We all have different relationship styles, based on templates we have developed in our families or past relationships, that guide how we think people should relate to each other, how we should be treated, and what we need from others, and we bring these patterns of relating to our couple relationships.
In the early stages of a relationship, these styles of relating can bring different strengths, but over time can also lead to difficulties or clashes, establishing unhelpful patterns that can erode our sense of connection and closeness with our partner.
The pursuing / distancing pattern
The most common pattern that impacts our feelings of closeness towards each other is called the pursuer/distancer pattern. This is where one person withdraws or seems to have less need for closeness or communication, and the other pursues them, whether for conversation, in conflict, or in a desire for intimacy.
In the early stages of a relationship this pattern seems to work fluidly and well. However, as the relationship settles and the pattern is repeated and stuck, it can lead to disappointment and clashes on both sides, hurt feelings and even doubt about the relationship.
The one pursuing may end up feeling their partner is unresponsive, rejecting or uninterested, and the one withdrawing can be left feeling smothered, pressured or “never good enough”.
This pattern of pursuing and withdrawing can affect our feelings of closeness in the relationship.
Connecting, disconnecting and reconnecting
We need to be able to both reach for the other and respond when they reach out to us. A relationship involves a constant dance of close connecting, miscues and misses, failures and hurts, repair, and then falling into love and connection again. Emotional responsiveness (reaching and responding) is the key to feeling secure and close and to re-establishing the connection.
When there is distance, we need to approach each other, generally both verbally and non-verbally through action. Some people approach through intimacy, affection, a soothing hug, or by initiating sex. Reaching out physically can create a feeling of closeness in the moment, but without a broader understanding of and response to what is going on between you, the pattern may not be solved and these attempts at connection may be only temporary fixes.
Distance is often the underlying cause of fights, where we feel disconnected from our partner and misunderstood…and we want to find a way to get closer. Fighting can be useful to bring an issue to the surface, but won’t necessarily help us feel closer and more connected.
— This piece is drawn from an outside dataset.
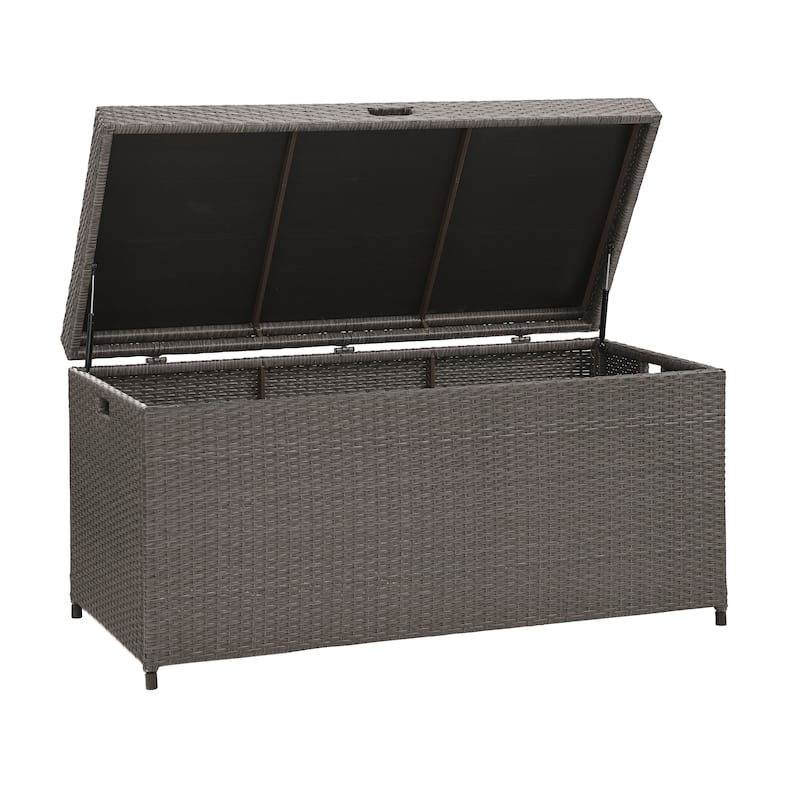 Crosley Palm Harbor Outdoor Wicker Storage Bin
Ways to gain closeness and connection
- Be aware of distance and disconnection and the impact of this push/pull ‘dance’ and be brave enough to raise it. e.g. “When you don’t want to talk about ‘x’ I feel hurt, upset, and don’t know how to get close to you…”, or “when you want to talk with me, I feel pressured to solve it and fear I will say something that you will get angry about, and I don’t want to fight with you…”
- Negotiate the space you need and agree on time together and apart. It is normal for each to need different amounts of space for replenishment either alone or with friends and separate activities, so being clear together can ensure there are no misunderstandings.
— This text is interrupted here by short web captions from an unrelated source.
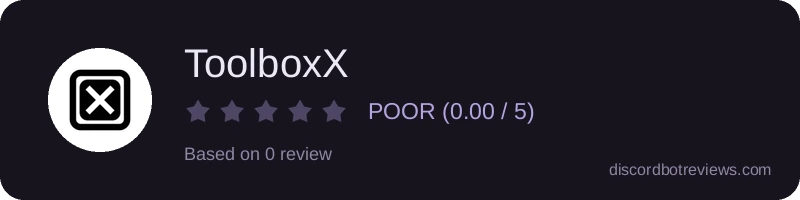 Rating widget preview for ToolboxX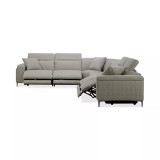 Adney 161" 6-Pc. Zero Gravity Fabric Sectional with 4 Power Recliners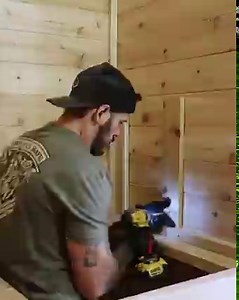 Building a sauna inside an old shed | Mr. Build It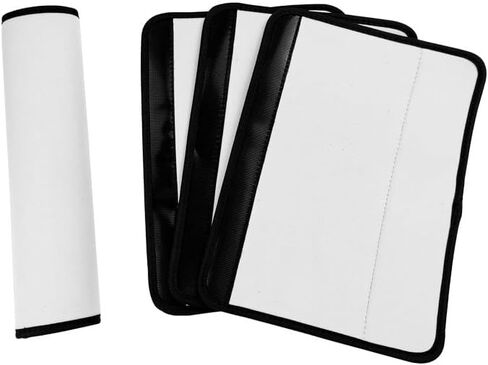 10 Pcs Sublimation Blanks Car Seat Belt Pads Cover DIY Heat Transfer White Neoprene Replacement Shoulder Strap Pads Blank Car Seatbelt Shoulder Pads Strap Cover for Auto in Saudi Arabia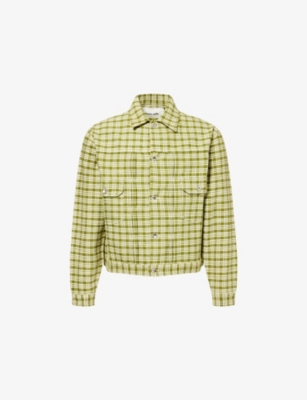 STORY MFG: Tuesday Check-Print Cotton-Poplin Jacket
- Talk about the support you need from each other: e.g. I just need to tell you about my day… or, I just need 10 mins when I get home to get changed, relax…
- Make a time to talk about the connection, how you think the relationship is going.
- Make plans together so that you create a sense of shared direction, goals, and teamwork. Closeness is feeling we understand each other and want the same things.
We hear a lot that couples need to ‘work on their relationship’, it’s not just about resolving fights, or communicating better…. It’s also about building this positive connection.
We know we have a strong emotional connection when:
- We feel we can depend on each other… that the other person is our ‘anchor in a storm’, our secure home base, and is accessible to us.
- When our bids for connection are responded to, we hear each other, knowing the other person cares to listen, even if we are emotional/ stressed, make no sense, or are being unreasonable. They respond to our needs by holding us in mind, wanting the best for us, soothing, comforting, and reassuring. They are our cheer squad.
- We can show we want to connect with each other by prioritising the relationship, planning time and activities together, sharing our news, ideas and experiences.
It is important to build the feeling that the other person is there for us, available, and secure, that they put us first. This is vital for our sense of security, and our mental health.
When is it time to seek professional help?
It’s a good time to see a couple counsellor when:
- You can no longer drag yourselves out of negative spirals of conflict and long silences and feel that the usual ways you could reach your partner are not working anymore.
- The communication isn’t getting anywhere, you are not able to progress an issue and are repeating the same discussions with no
- You are starting to feel lonely and distant within the relationship, where the other person doesn’t seem as committed to moving closer, and you are having trouble finding your way back to each other.